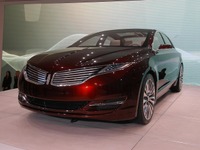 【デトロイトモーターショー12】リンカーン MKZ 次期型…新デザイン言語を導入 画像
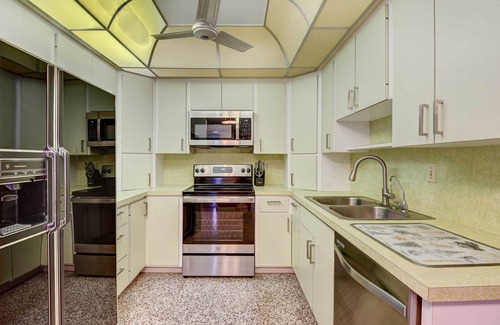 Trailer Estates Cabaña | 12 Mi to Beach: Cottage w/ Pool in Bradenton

--

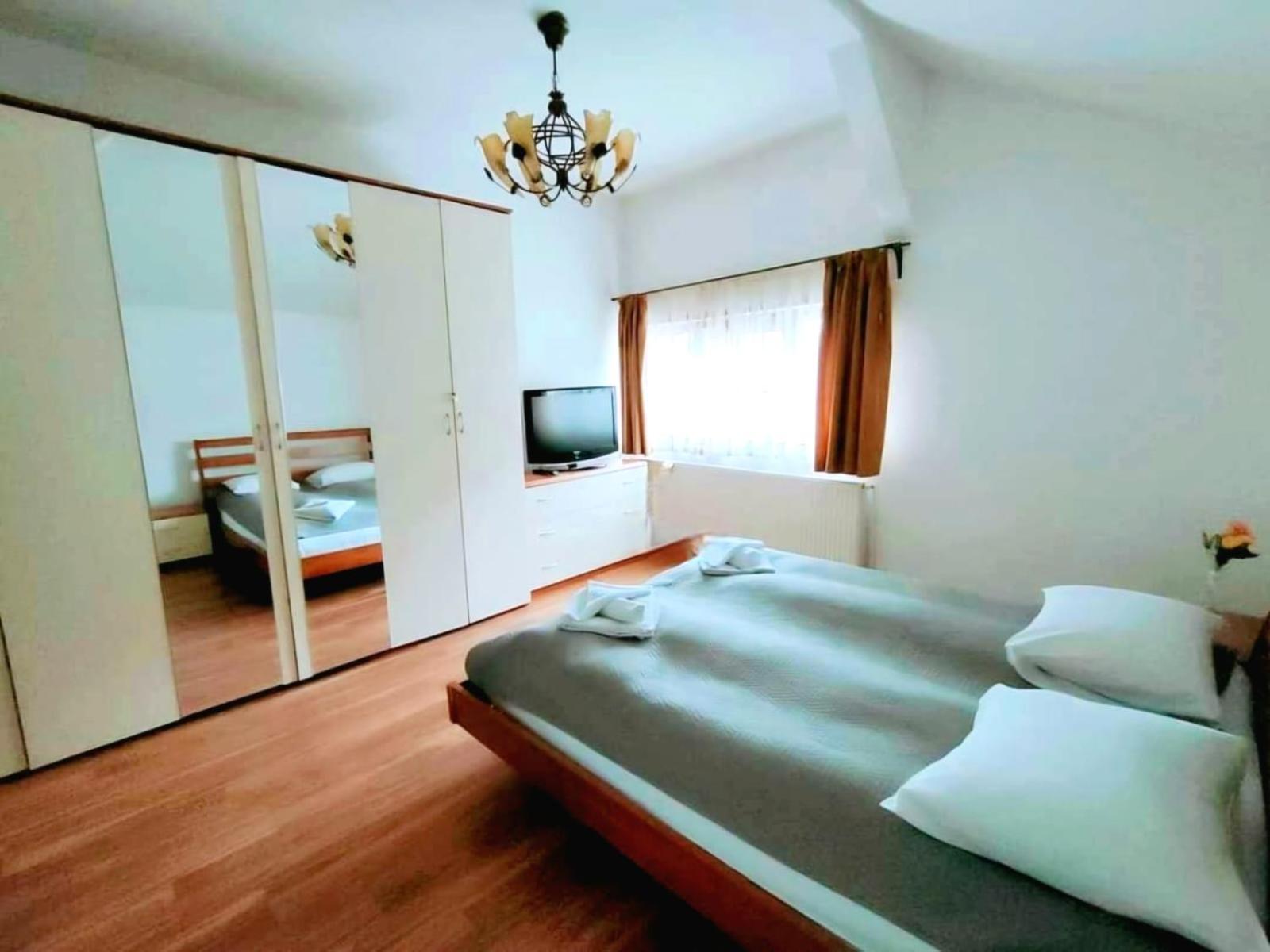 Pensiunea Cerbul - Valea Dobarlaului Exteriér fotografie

### Goal of the exercise
Exactly reproduce the lines above, starting at the one that contains "MKZ 次期型…新デザイン言語を導入 画像" and ending at the one that contains "Trailer Estates Cabaña", both inclusive; leave the pictures out and add no other lines.

### Answer area
 【デトロイトモーターショー12】リンカーン MKZ 次期型…新デザイン言語を導入 画像
 Trailer Estates Cabaña | 12 Mi to Beach: Cottage w/ Pool in Bradenton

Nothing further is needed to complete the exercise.